During a visit to Rome last year, a teen-ager from Asheville, N.C., received a papal blessing. It was the thrill of a lifetime. He said, "I believe that anybody that has touched, heard or seen Pope John Paul II would do just anything to see him again." In this construction, "anybody" demanded a "who" -- anybody WHO has touched . . .
Companies are composed of humans, but they are grammatically inanimate: "Companies that fail to learn from Exxon's experience . . ." "House committees that fail to act upon leadership bills . . ."
Webster's Dictionary of English Usage devotes considerable space to relative pronouns and winds up by casting its permissive blessing upon THAT as a referent for humans. After citing two 18th-century examples, and one bad example from Ben Lucien Burman in 1985, the editors say: "THAT is definitely standard when used of persons."
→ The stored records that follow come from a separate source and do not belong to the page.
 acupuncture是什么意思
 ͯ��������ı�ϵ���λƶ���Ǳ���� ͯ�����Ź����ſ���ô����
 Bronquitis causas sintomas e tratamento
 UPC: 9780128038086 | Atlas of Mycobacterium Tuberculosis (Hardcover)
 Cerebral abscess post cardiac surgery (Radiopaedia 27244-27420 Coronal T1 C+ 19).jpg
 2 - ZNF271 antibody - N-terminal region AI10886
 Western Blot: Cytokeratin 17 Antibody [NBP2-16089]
The editors might with equal deference have cited the comic strip B.C. In one strip, a Neanderthal sage advises a customer: "Never give your money to a bank teller THAT'S sitting on a suitcase." This is acceptable usage?
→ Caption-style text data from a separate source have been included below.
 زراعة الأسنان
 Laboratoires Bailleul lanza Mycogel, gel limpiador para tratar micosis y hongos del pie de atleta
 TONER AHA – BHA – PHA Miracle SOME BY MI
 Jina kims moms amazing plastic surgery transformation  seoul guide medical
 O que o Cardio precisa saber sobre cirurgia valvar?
Bosh! Nonsense! Humbuggery! The misuse of THAT in reference to humans may be "definitely standard" in the funnies, but it is not definitely standard in this column. Who are you going to believe? Me or Merriam-Webster?
Skip that question.
Those pesky pronouns, THAT and WHICH, cause trouble in other applications, but this is avoidable trouble. I am speaking of what grammarians identify as defining and non-defining clauses. The labels don't matter.
Here is a handy rule of thumb: If the clause may be set off in commas, use WHICH. Otherwise, use THAT.
Nothing could be simpler: "The red Ford that is in the garage is Aunt Sallie's." (As opposed to Joe's red Ford parked on the street.) "The blue Pontiac, which is in the driveway, is Uncle Albert's." (The location isn't necessarily important because there is no other blue Pontiac nearby.)
While we're on the general subject of pronouns, let me offer another easy test for error. Horrid Example: "Once out of the tabloid spotlight that followed he and ex-wife Julia Roberts around ..." And, "The New Year could not come too soon for my colleagues and I in the newsroom." In Seattle, the United Way told of a troubled Brenda who now sees "a bright future ahead for she and her daughter."
The trick is to trim everything down to the bone. Cut away "and ex-wife Julia Roberts," and we have the tabloid spotlight that followed he around. We have the New Year that could not come too soon for I. We have a bright future ahead for she.
We will not get into WHO and WHOM today. Indeed, unless I take leave of my senses, we will never get into WHO and WHOM at all.